[Exercise objective]
Return precisely the opening lines of the listing below, ending with the line that contains "фото Нитки швейные".

[Records for processing]
------------------------------------------------------------------------

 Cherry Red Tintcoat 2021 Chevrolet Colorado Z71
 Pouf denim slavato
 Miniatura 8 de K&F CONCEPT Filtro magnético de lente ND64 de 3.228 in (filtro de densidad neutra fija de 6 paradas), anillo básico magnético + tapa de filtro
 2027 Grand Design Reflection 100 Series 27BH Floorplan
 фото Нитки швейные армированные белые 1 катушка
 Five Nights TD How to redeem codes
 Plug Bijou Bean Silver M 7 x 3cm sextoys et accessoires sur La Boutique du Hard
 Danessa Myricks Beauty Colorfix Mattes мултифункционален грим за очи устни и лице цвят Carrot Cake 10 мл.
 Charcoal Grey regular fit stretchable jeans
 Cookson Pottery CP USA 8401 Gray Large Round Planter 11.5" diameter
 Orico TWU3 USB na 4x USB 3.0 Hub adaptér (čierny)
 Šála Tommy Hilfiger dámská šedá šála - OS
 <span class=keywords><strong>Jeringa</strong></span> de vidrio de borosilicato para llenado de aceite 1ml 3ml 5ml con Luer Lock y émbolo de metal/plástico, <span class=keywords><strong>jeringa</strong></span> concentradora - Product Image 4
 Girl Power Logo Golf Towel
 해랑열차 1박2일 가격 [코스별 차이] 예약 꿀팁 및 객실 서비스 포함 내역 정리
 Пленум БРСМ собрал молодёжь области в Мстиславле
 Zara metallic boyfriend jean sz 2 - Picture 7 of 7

------------------------------------------------------------------------

[Reply to the exercise]
 Cherry Red Tintcoat 2021 Chevrolet Colorado Z71
 Pouf denim slavato
 Miniatura 8 de K&F CONCEPT Filtro magnético de lente ND64 de 3.228 in (filtro de densidad neutra fija de 6 paradas), anillo básico magnético + tapa de filtro
 2027 Grand Design Reflection 100 Series 27BH Floorplan
 фото Нитки швейные армированные белые 1 катушка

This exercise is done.